Parameter | Type | Supporting STT/TTS | Description |
listenDuringPrompt | Boolean - True or false Similar to Barge-In | STT - Google and Microsoft TTS - Not Required | If false, do not listen for user speech until the bot has finished playing its response to the user. Defaults to true. |
bargeInMinWordCount | Number | STT - Google and Microsoft TTS - Not Required | if Barge-In is true, only kill speech when these many words are spoken. Defaults to 1. |
bargeInOnDTMF | Boolean | STT - Google and Microsoft TTS - Not Required | Press any key to enable DTMF, kill audio playback if the caller enters DTMF, then you can tell your utterance or speech. |
dtmfCollectInterDigitTimeoutMS | Number - Time in milliseconds | STT - Google and Microsoft TTS - Not Required | This defines the timeout during which KoreVG waits for the user to press another digit before sending all the digits to the bot. |
dtmfCollectSubmitDigit | Number | STT - Google and Microsoft TTS - Not Required | Defines a special DTMF "submit" digit; when received from the user, KoreVG immediately sends all the collected digits to the bot (as a DTMF message) without waiting for the timeout to expire or the maximum number of expected digits. |
dtmfCollectMaxDigits | Number | STT - Google and Microsoft TTS - Not Required | Maximum number of DTMF digits expected to gather. For example, If maxDigit = 5, the bot will allow a maximum of 5 digits Input.
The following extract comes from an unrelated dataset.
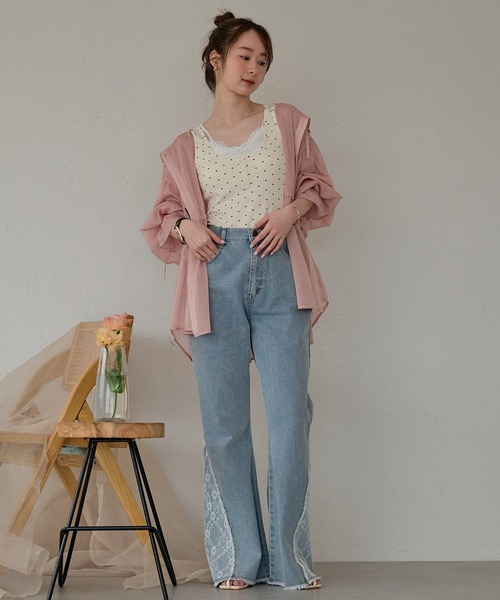 mideal（マイディール）の「lace flare denim pants / レースフレアデニムパンツ（デニムパンツ・レディース・ブラック/ライトブルー・X-SMALL/SMALL/MEDIUM）」の7枚目の写真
If 1234567 is entered, the bot takes only 12345. |
dtmfCollectminDigits | Number | STT - Google and Microsoft TTS - Not Required | The minimum number of DTMF digits is expected to be gathered. It defaults to 1. |
dtmfCollectnumDigits | Number | STT - Google and Microsoft TTS - Not Required | The exact number of DTMF digits is expected to be gathered. |
input | Array of string ['digits', 'speech']. | STT - Google and Microsoft TTS - Not Required | Array, specifying allowed types of input: ['digits'], ['speech'], or ['digits', 'speech']. Default: ['digits'] |
Language Detection¶
In this setup, developers do not need to use DTMF or other methods to switch the bot's language. Instead, the bot will automatically detect the language based on the user's utterance.
For example, if a user speaks in English, the conversation will continue in English. If the user switches to Spanish, the language will switch to Spanish. Learn more.
Configuration Steps:
- In Bot Builder (on the child bot), navigate to Languages, add a new language (for example, Spanish), and enable it.
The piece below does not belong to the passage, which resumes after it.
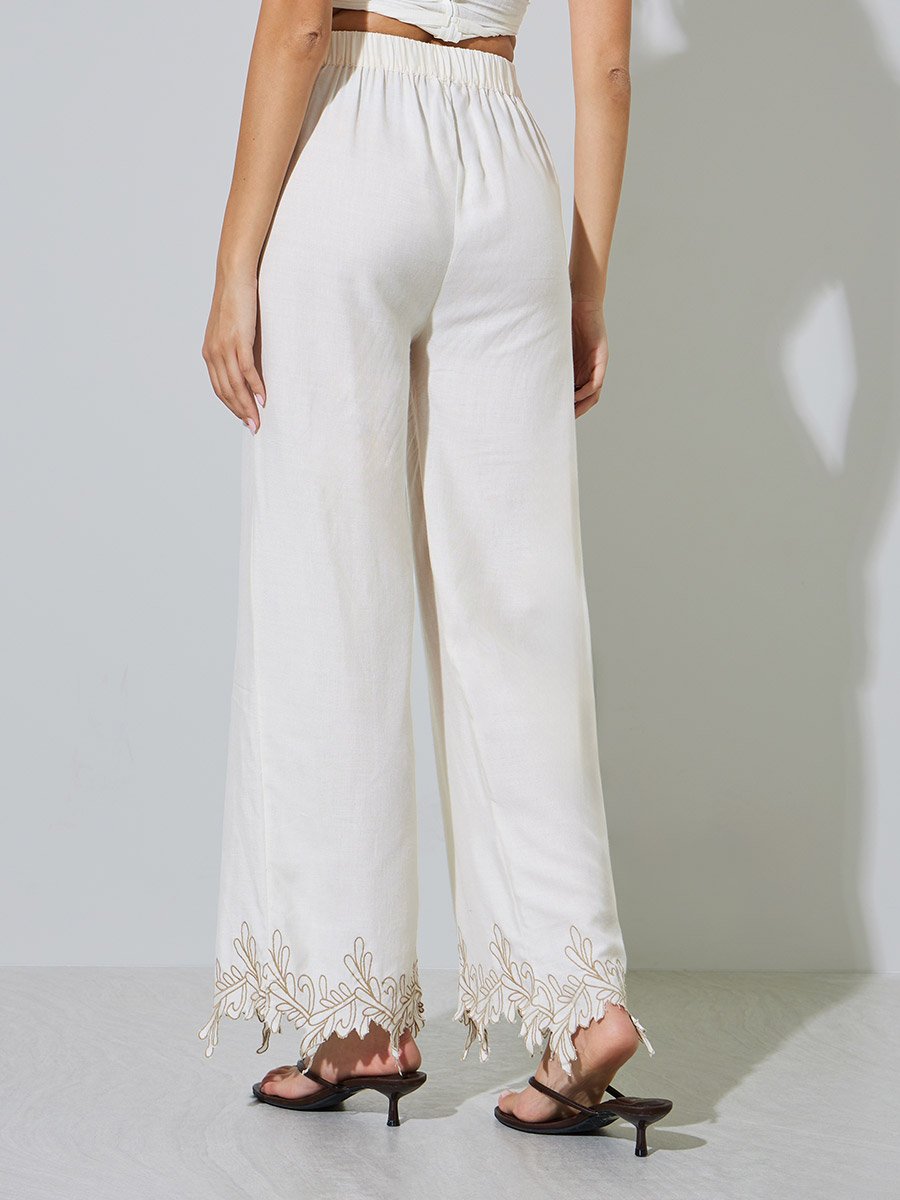 Off White Embroidered Hem Straight Leg Pants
- Select English as the default language from the language dropdown menu.
- Create a new dialog titled "Language Detection" (or choose a suitable name).
- Inside this dialog, add an entity node to capture user intent input.
- Set the entity precedence to 'Intent over Entity' in the advanced controls.
- Add the AlternativeLanguage call control parameter.
- Switching languages mid-conversation isn't supported; doing so can cause the bot to lose context. Language detection should happen at the beginning of the conversation (for example, in the welcome task), with the switch based on the user's first utterance.
- Opt for 'Intent over Entity' to prioritize intent detection in the user's language.
- Create another dialog with a specific intent (for example, "book flight") and add relevant entities (for example, selecting source and destination).
- In the entity configuration, include the following call parameters:
- Name: alternativeLanguages
- Value: [] (Leave it empty if no further language switching is needed).
- Add utterances in the desired language and train the bot.
- Change the language to Spanish in the bot language dropdown.
- Open the intent and update utterances and intent details in Spanish.
- Update entity details in Spanish as well.
- Publish the bot.
These steps will ensure the bot can detect the user's language at the start and adjust the conversation flow accordingly.